I'll cover four things: how the FOLIO community is governed, how release cycles work in the real world, and what vendor neutral actually means for libraries. I'll finish by explaining how EBSCO turns that community strength into a robust, fully supported library services platform.

At the heart of FOLIO is a transparent, community-led governance model. FOLIO isn't owned by a single vendor. Instead, it's governed by the Open Library Foundation, with decision making distributed across community councils covering product direction, technical architecture, and community engagement. Libraries, vendors, and developers all participate, but critically, no single organization controls the roadmap. What that means in practice is that libraries can influence priorities directly, development decisions happen in the open, and long term direction isn't tied to a commercial exit or an acquisition strategy. You can see what's being built, why it's being built, and who's involved in that build. That transparency is a fundamental shift from the traditional proprietary systems where roadmaps are often opaque and non-negotiable.

Another key aspect of control is how software evolves. FOLIO runs on a regular, predictable release cycle, with major named releases twice a year, plus frequent bug fix and patch updates in between. For libraries, this has some very practical benefits. Enhancements are incremental rather than disruptive, new functionalities introduced consistently, not in large, risky updates, and nothing forces you into a big bang type of migration every few years because development happens in the open.

Libraries can track features well in advance. They can test early and plan updates around academic calendars and other operational needs. Importantly, hosting vendors like EBSCO take responsibility for managing those updates safely so the libraries get the benefits of innovation without the operational burden.

Vendor neutral is a phrase that gets used a lot, but in FOLIO it has a very specific meaning. It doesn't mean do everything yourself, and it doesn't mean no commercial supply is involved. It means the code base is open and portable. Libraries aren't locked into proprietary data models. They retain the ability to change hosting and support partners over time. And critically, the data remains yours. Your workflows aren't trapped behind closed APIs, and your system isn't dependent on a single company's long term commercial strategy. That's genuine leverage, not just philosophically, but contractually and operationally.

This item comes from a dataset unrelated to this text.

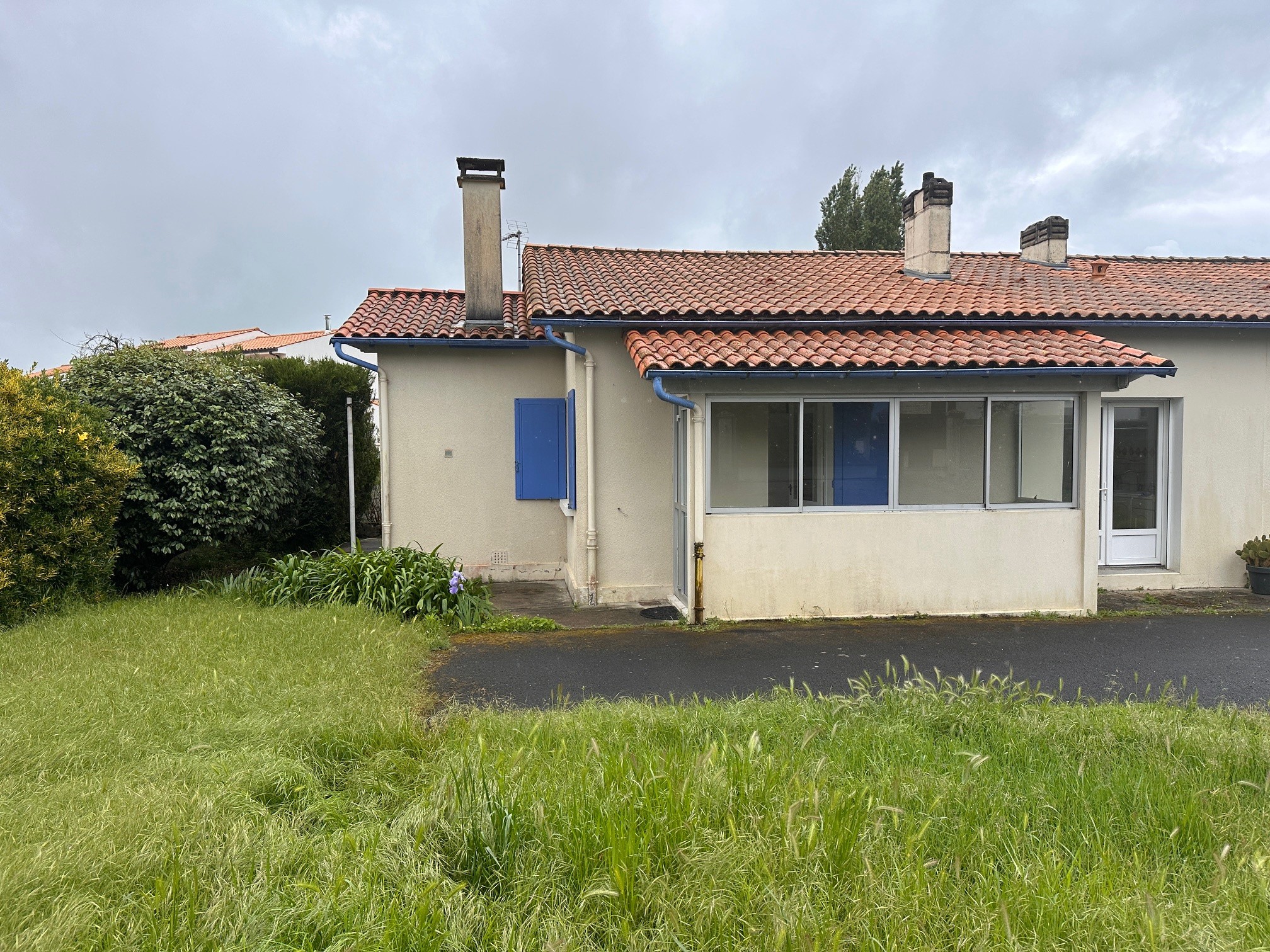 Vente Maison à Saint-Palais-sur-Mer 4 pièces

Of course, strong governance and open code alone don't run a library. What matters is how that open source foundation becomes a stable, secure, enterprise-grade platform. And that's where EBSCO comes in. EBSCO hosts, implements, and supports FOLIO at scale, providing resilient, monitored cloud hosting, managing updates, security and performance, delivering professional implementation and ongoing support. EBSCO contributes back actively to the FOLIO community itself, and because EBSCO is so deeply embedded within the community, we help translate real world library needs into sustainable development while ensuring customers have a single, accountable partner. Libraries get the freedom and influence of open source with the confidence of a proven global support organization. It's not open source instead of a vendor relationship, it's open source done with professional accountability.

So when we talk about open source in practice, FOLIO shows what that really means. It means shared governance, predictable transparent development, genuine vendor neutrality, and the option to pair community innovation with enterprise-grade support. Thank you very much for joining me on this very brief FOLIO in 5 session, and I shall look forward to speaking with you in the next one.

Transcripts are generated using a combination of speech recognition software and human transcribers, and may contain errors.